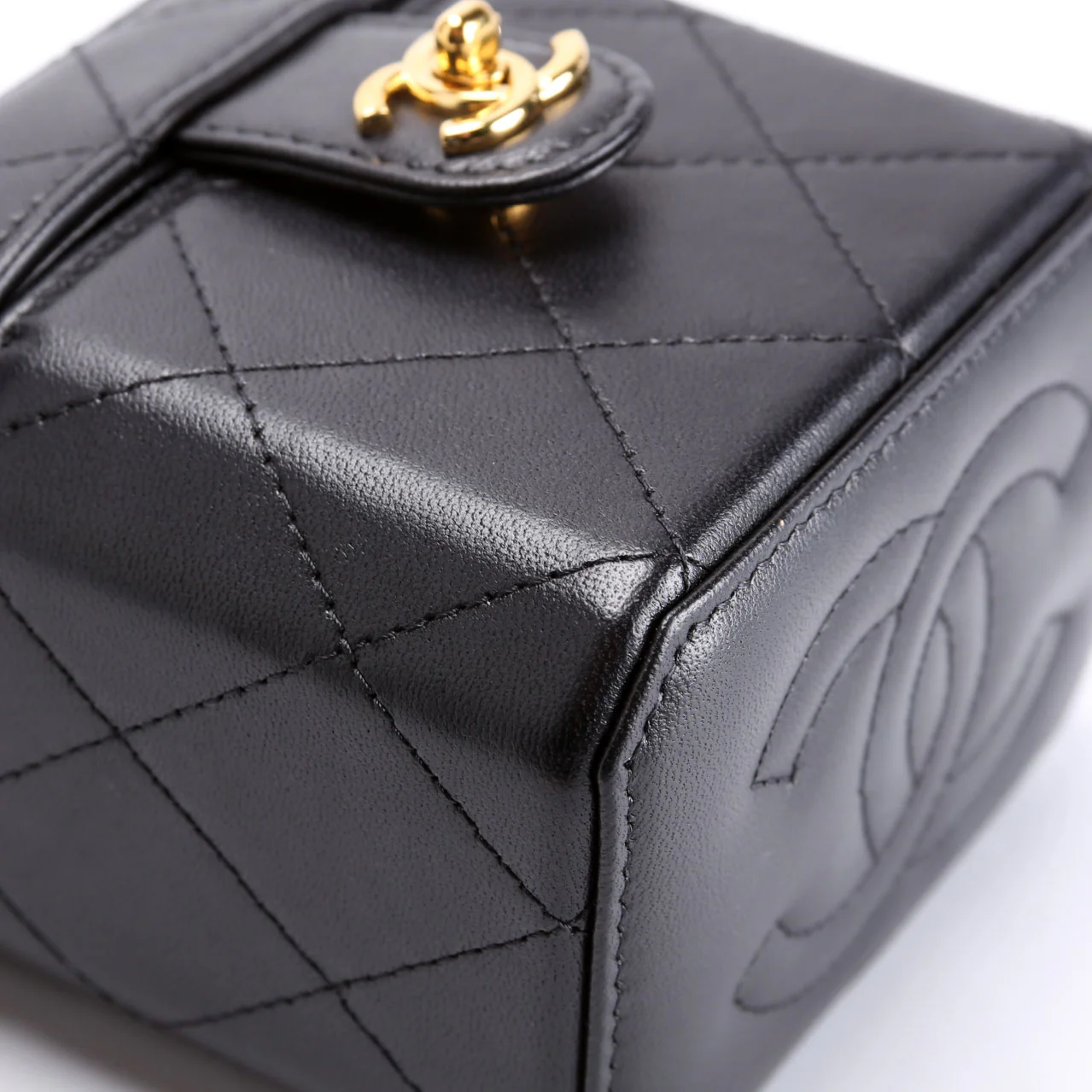 CC Turnlock Mini Vanity Clutch With Chain Quilted Lamb RFID Black - Image 5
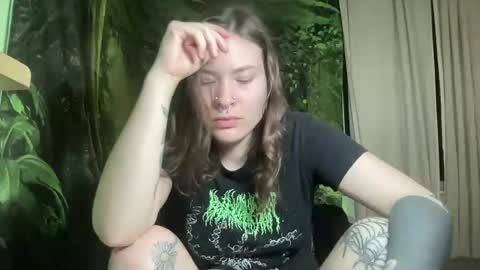 Snapshot of mo0n_goddess chatting on 02/27/25, 06:50 Misty online show from 02/27/25, 06:50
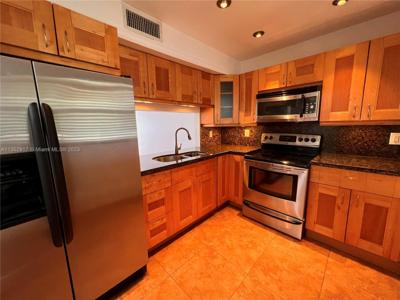 1033 Lenox Ave Unit 204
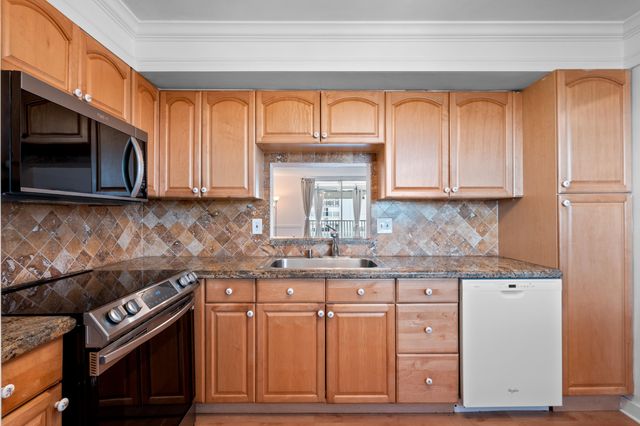 620 NE 12TH Avenue 602, Hallandale Beach, FL 33009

+++

→ **EXERCISE GOAL**: Leaving every picture out, please copy exactly the lines from the one holding "Snapshot of mo0n_goddess" through the last line of the listing, both ends included.

→ **RESULT OF THE TASK**:
 Snapshot of mo0n_goddess chatting on 02/27/25, 06:50 Misty online show from 02/27/25, 06:50
 1033 Lenox Ave Unit 204
 620 NE 12TH Avenue 602, Hallandale Beach, FL 33009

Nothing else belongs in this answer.